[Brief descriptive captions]
============================================================

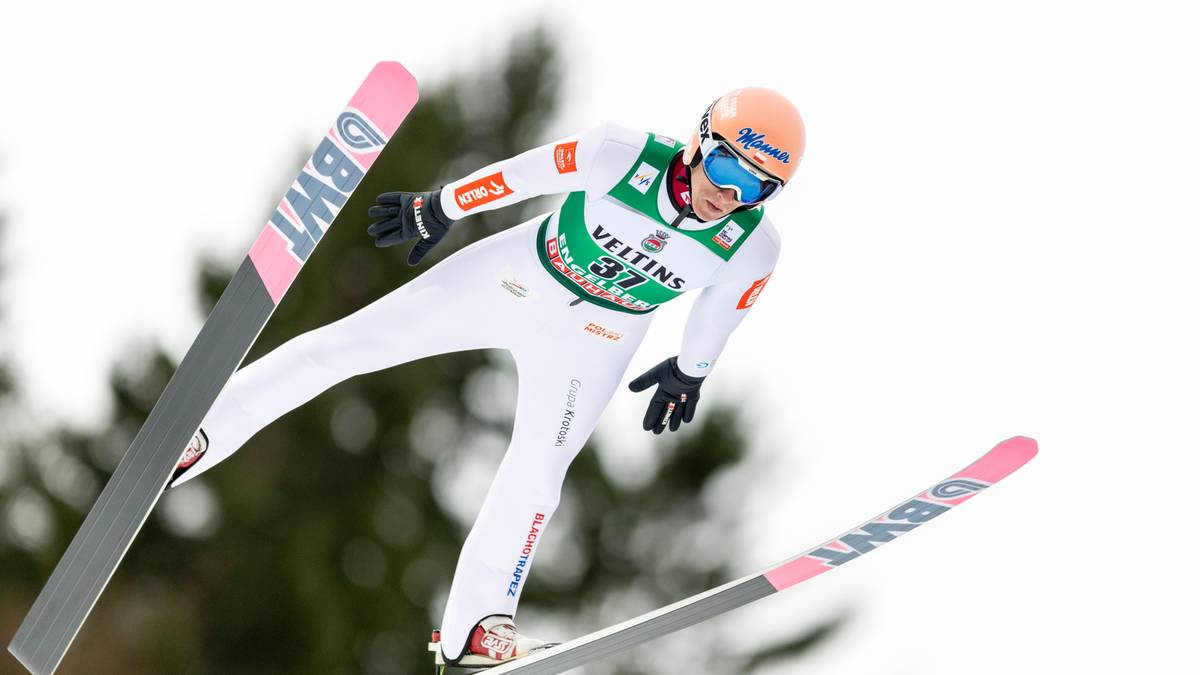 Skoczek narciarski w białym kombinezonie i pomarańczowym kasku wykonuje skok.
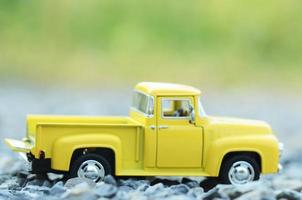 vervagen geel vrachtwagenspeelgoed met groene bokeh lichte achtergronden foto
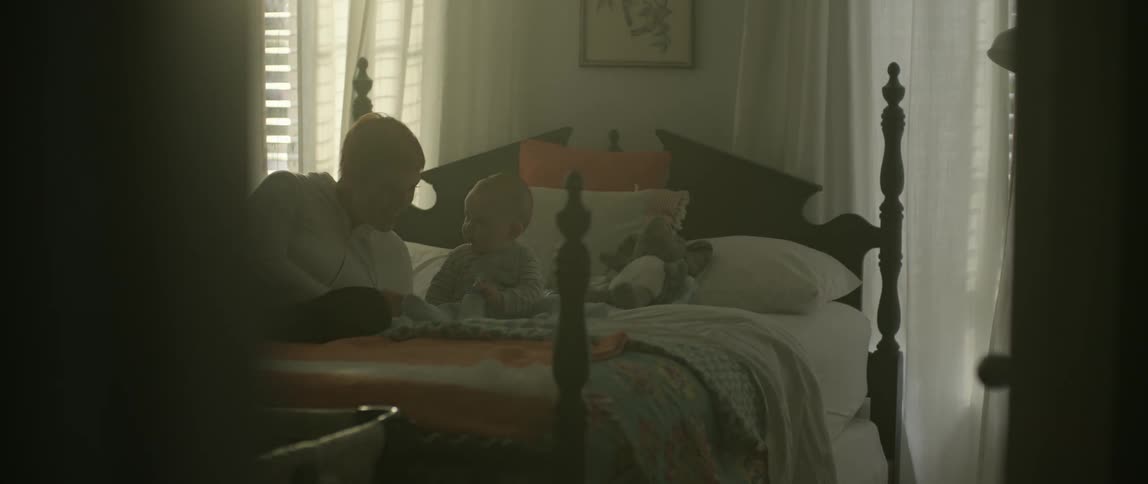 Man plays with a baby on a bed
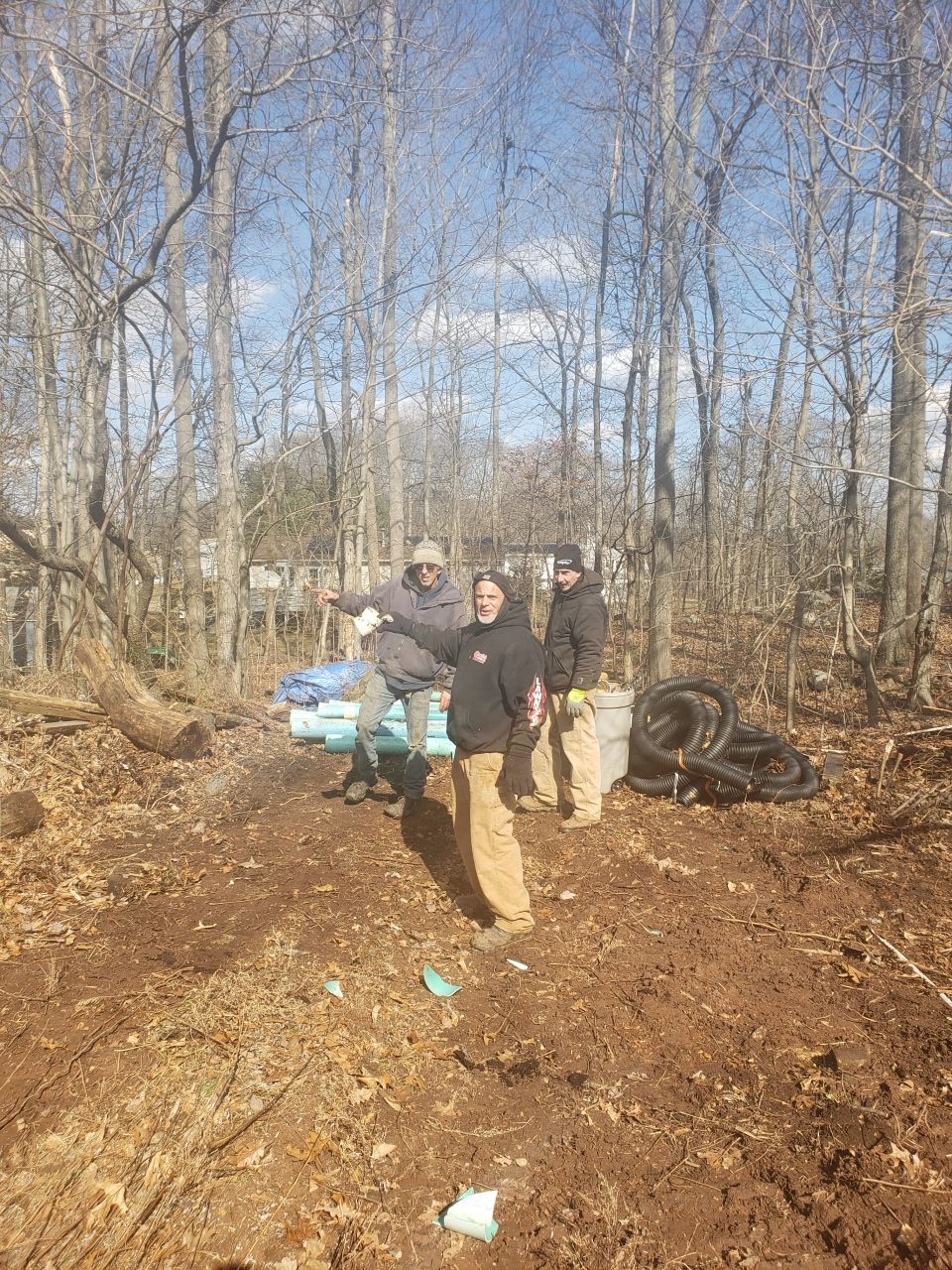 A group of people are standing in the middle of a forest.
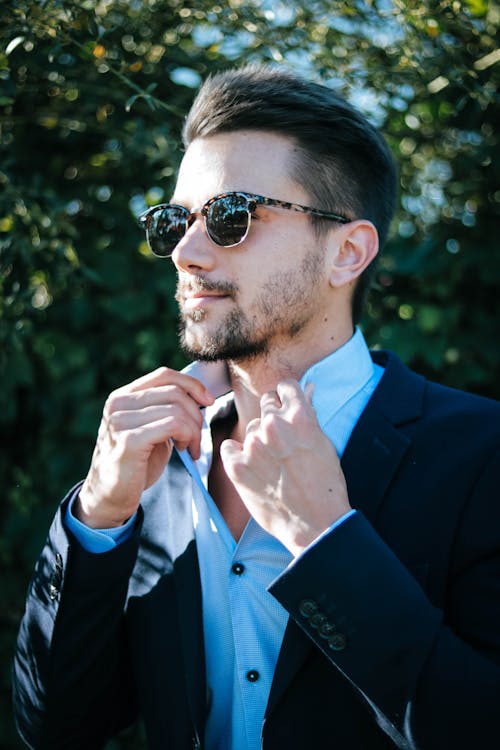 Man in Blue Dress Shirt and Black Formal Suit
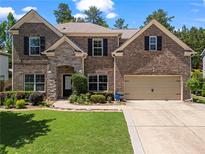 Charming two-story brick home featuring a well-manicured lawn and an attached two-car garage at 237 Parc Drive Dr, Canton, GA 30114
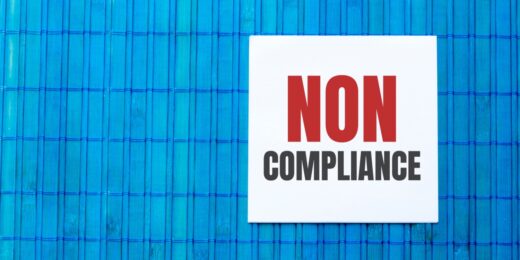 Blank note pad with NON COMPLIANCE text on blue wooden background.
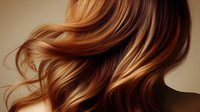 Flowing auburn hair with golden highlights cascades in elegant waves, showcasing natural movement and shine against neutral background.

============================================================

● **Work instruction**: Transcribe nothing but the lines from the one containing "vervagen geel vrachtwagenspeelgoed" through the final line of the records, exactly as written and without pictures.

● **Exercise response**:
 vervagen geel vrachtwagenspeelgoed met groene bokeh lichte achtergronden foto
 Man plays with a baby on a bed
 A group of people are standing in the middle of a forest.
 Man in Blue Dress Shirt and Black Formal Suit
 Charming two-story brick home featuring a well-manicured lawn and an attached two-car garage at 237 Parc Drive Dr, Canton, GA 30114
 Blank note pad with NON COMPLIANCE text on blue wooden background.
 Flowing auburn hair with golden highlights cascades in elegant waves, showcasing natural movement and shine against neutral background.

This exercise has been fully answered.